- **MATERIAL FOR THIS EXERCISE**

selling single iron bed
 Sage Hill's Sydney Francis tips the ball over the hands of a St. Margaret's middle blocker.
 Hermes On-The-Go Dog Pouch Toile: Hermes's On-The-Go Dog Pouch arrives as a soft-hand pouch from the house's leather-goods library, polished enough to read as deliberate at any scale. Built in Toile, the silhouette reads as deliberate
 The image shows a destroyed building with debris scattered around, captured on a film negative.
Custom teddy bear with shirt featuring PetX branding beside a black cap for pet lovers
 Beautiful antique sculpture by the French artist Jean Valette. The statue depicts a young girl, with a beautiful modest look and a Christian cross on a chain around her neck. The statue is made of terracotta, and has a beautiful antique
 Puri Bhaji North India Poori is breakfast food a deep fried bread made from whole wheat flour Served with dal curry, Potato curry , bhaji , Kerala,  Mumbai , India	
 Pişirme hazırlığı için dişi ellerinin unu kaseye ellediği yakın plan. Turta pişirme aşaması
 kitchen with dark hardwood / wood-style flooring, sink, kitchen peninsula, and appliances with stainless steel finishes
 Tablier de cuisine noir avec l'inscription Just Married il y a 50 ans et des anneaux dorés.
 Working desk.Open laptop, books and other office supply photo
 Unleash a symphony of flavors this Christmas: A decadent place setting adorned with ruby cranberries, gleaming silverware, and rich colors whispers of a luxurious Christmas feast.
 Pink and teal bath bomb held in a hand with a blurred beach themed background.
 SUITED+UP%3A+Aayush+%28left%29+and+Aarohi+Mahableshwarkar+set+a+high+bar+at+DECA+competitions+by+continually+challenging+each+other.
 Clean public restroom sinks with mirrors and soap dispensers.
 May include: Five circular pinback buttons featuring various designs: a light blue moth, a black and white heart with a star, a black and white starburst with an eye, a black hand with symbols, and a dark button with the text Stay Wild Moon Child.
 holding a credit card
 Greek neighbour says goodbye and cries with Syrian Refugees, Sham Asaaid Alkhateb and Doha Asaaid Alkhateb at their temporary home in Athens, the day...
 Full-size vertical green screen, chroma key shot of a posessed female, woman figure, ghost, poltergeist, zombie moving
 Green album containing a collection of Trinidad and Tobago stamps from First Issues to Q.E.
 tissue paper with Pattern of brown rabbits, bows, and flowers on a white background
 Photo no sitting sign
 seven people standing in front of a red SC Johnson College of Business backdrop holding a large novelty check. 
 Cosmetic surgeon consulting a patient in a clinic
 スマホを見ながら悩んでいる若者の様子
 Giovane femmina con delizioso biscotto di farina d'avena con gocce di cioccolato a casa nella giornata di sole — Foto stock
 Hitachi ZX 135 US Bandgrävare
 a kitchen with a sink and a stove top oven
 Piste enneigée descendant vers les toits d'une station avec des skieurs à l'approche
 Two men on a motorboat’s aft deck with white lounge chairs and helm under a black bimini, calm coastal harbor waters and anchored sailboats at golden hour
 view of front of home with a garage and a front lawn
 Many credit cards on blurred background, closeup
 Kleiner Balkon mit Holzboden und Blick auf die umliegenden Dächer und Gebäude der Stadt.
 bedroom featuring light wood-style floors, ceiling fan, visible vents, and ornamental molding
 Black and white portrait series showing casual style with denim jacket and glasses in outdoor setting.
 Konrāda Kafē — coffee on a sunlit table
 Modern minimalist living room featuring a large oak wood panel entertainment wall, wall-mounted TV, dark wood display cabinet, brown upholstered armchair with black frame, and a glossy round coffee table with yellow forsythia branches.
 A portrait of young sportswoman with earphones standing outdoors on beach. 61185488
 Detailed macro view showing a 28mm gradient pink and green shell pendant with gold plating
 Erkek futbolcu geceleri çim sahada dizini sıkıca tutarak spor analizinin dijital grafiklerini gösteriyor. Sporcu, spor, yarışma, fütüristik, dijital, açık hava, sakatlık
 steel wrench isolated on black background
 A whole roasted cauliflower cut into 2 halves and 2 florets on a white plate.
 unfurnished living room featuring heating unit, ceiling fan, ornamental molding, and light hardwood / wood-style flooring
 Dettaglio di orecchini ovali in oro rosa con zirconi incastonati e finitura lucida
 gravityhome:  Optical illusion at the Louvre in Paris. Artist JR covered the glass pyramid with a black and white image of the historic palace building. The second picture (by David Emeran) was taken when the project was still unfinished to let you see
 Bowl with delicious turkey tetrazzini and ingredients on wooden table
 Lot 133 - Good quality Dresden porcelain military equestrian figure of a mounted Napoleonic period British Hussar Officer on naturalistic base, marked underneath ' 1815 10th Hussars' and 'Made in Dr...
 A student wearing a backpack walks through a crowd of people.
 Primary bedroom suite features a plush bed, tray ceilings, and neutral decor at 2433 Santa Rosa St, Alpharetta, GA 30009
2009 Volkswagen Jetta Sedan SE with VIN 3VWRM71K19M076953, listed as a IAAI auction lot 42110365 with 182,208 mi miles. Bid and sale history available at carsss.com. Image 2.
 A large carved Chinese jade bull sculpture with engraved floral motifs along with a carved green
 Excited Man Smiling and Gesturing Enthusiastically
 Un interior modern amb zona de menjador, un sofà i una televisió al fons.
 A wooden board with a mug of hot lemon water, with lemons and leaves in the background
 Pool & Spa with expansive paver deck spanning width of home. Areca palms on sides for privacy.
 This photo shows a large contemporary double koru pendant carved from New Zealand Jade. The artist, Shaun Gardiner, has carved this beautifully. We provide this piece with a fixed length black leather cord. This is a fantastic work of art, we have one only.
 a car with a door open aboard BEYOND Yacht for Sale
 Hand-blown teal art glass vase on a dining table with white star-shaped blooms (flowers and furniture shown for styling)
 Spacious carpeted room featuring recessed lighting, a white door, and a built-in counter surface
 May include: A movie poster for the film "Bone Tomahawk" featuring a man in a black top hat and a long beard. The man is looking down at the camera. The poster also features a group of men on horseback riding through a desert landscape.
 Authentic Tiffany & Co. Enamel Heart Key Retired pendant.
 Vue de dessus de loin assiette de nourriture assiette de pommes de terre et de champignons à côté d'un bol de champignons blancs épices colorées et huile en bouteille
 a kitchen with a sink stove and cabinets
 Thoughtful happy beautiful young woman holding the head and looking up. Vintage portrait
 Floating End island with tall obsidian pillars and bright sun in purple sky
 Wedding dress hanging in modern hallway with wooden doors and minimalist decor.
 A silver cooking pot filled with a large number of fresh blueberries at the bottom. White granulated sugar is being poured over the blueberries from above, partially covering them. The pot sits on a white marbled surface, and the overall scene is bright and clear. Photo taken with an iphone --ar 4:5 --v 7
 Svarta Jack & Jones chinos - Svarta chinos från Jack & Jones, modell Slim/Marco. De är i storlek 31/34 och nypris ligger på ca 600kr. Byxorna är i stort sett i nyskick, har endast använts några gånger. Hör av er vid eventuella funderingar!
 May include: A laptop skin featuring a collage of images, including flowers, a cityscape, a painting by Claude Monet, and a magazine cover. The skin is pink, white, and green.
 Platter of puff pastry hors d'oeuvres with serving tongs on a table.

- **PROMPT**
Take the lines from the first line of the records through the line holding "Sage Hill's Sydney", both included, and please reproduce them exactly with nothing added.

- **EXERCISE SOLUTION**
selling single iron bed
 Sage Hill's Sydney Francis tips the ball over the hands of a St. Margaret's middle blocker.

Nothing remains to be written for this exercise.